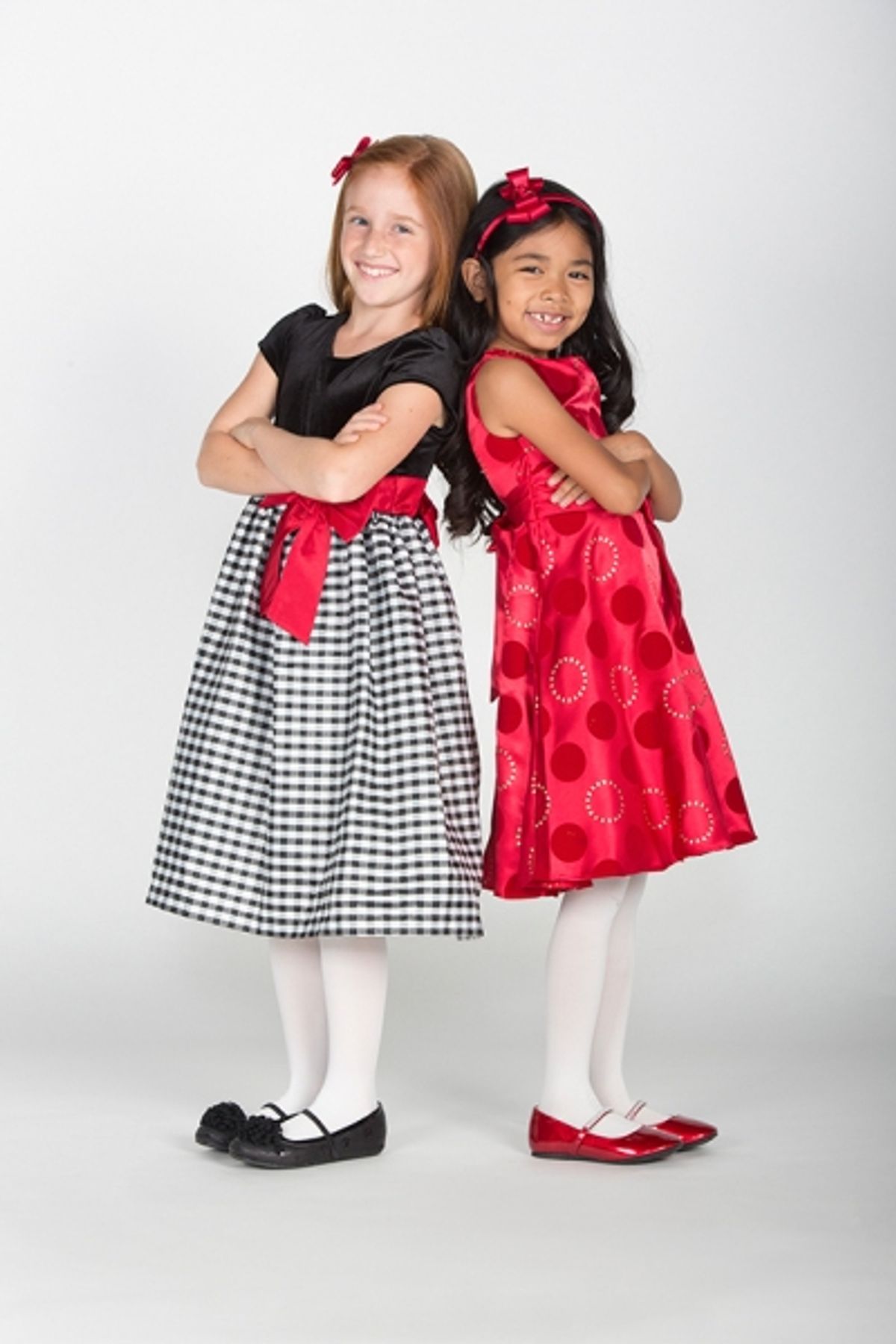 Taylor Coleman and Mikee Castillo star as Cindy-Lou Who at 
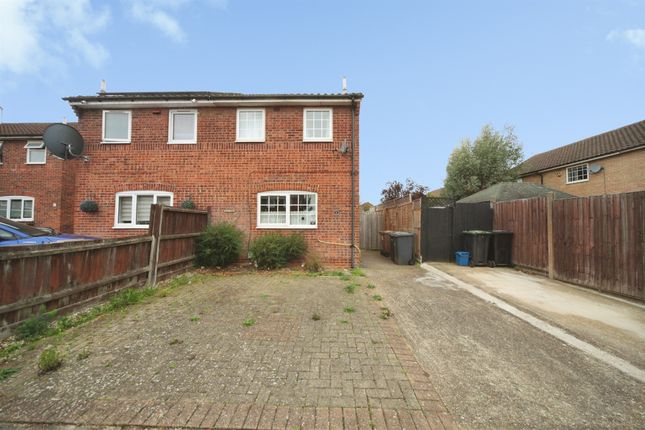 2-bed terraced on Buzzard Road, Luton, £270,000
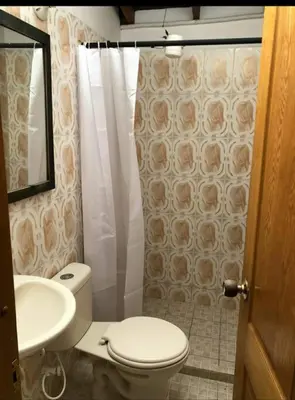 a bathroom with a toilet and a sink at Apartamento en Guatapé por noches in Guatapé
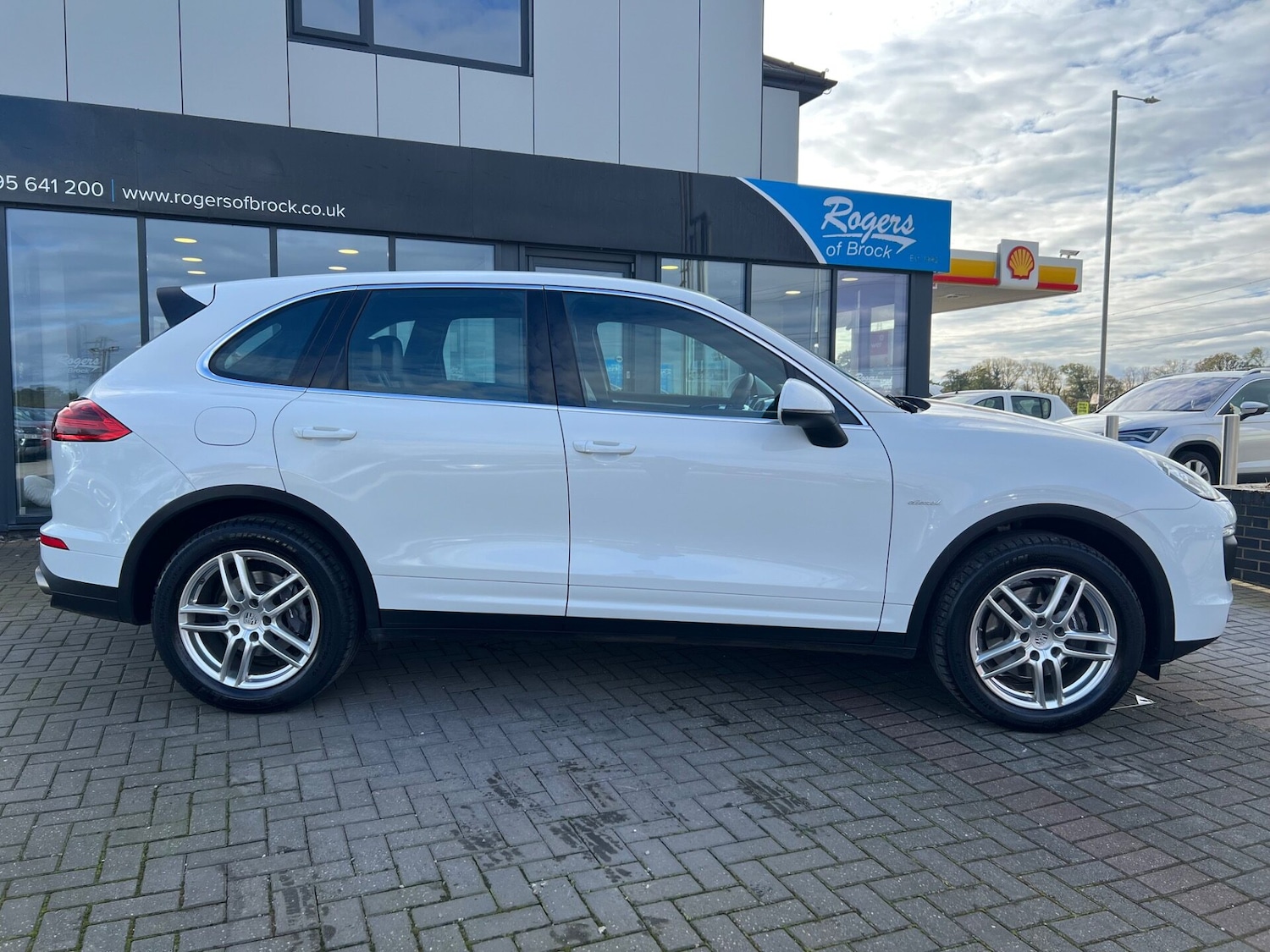 Used Porsche Cayenne 2015 for sale - 76659808: Photo 6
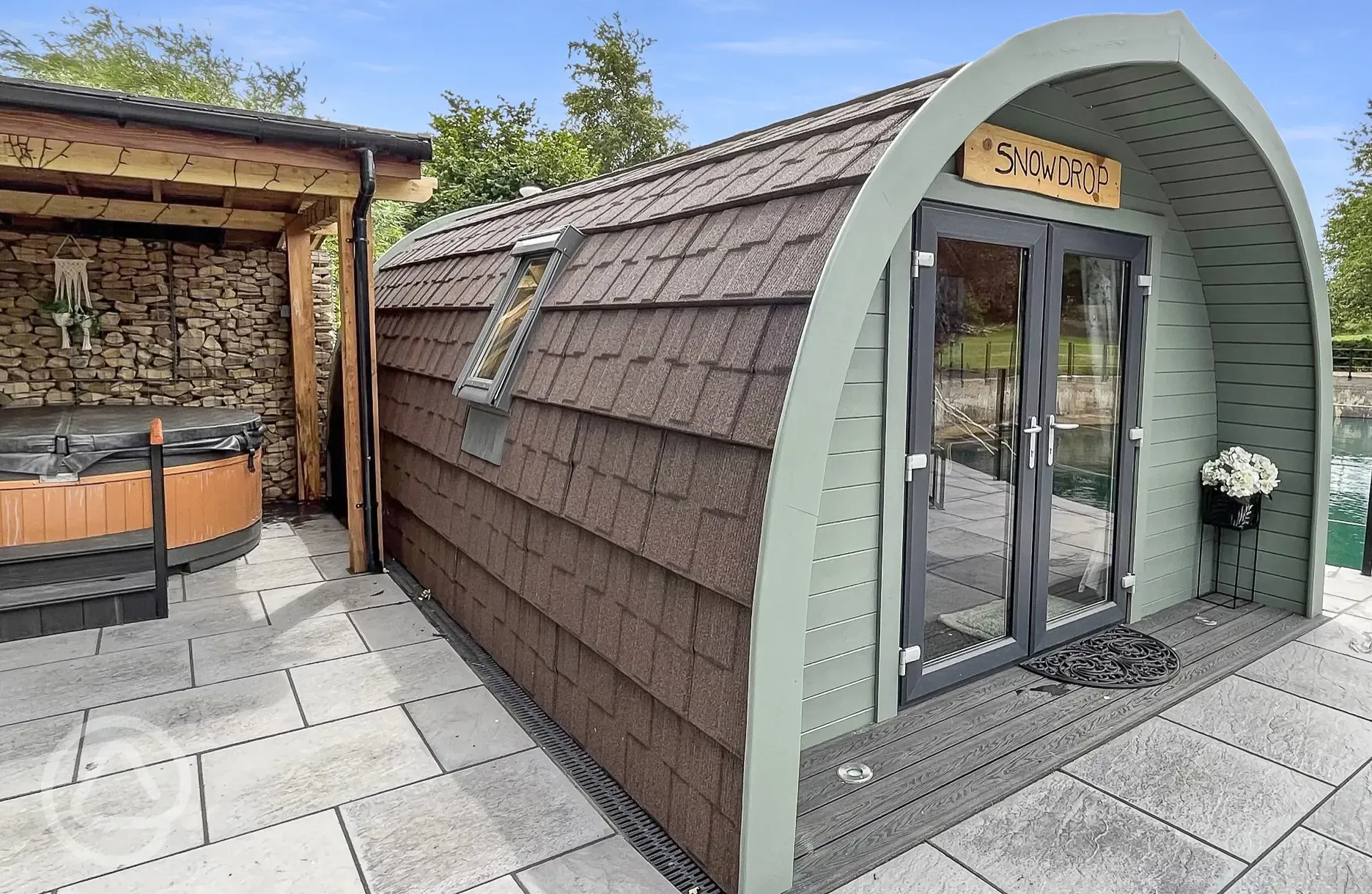 Snowdrop ensuite glamping pod with hot tub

Work required :: Please reproduce the whole listing exactly; the pictures stay out.

Answer to this task ::
 Taylor Coleman and Mikee Castillo star as Cindy-Lou Who at 
 2-bed terraced on Buzzard Road, Luton, £270,000
 a bathroom with a toilet and a sink at Apartamento en Guatapé por noches in Guatapé
 Used Porsche Cayenne 2015 for sale - 76659808: Photo 6
 Snowdrop ensuite glamping pod with hot tub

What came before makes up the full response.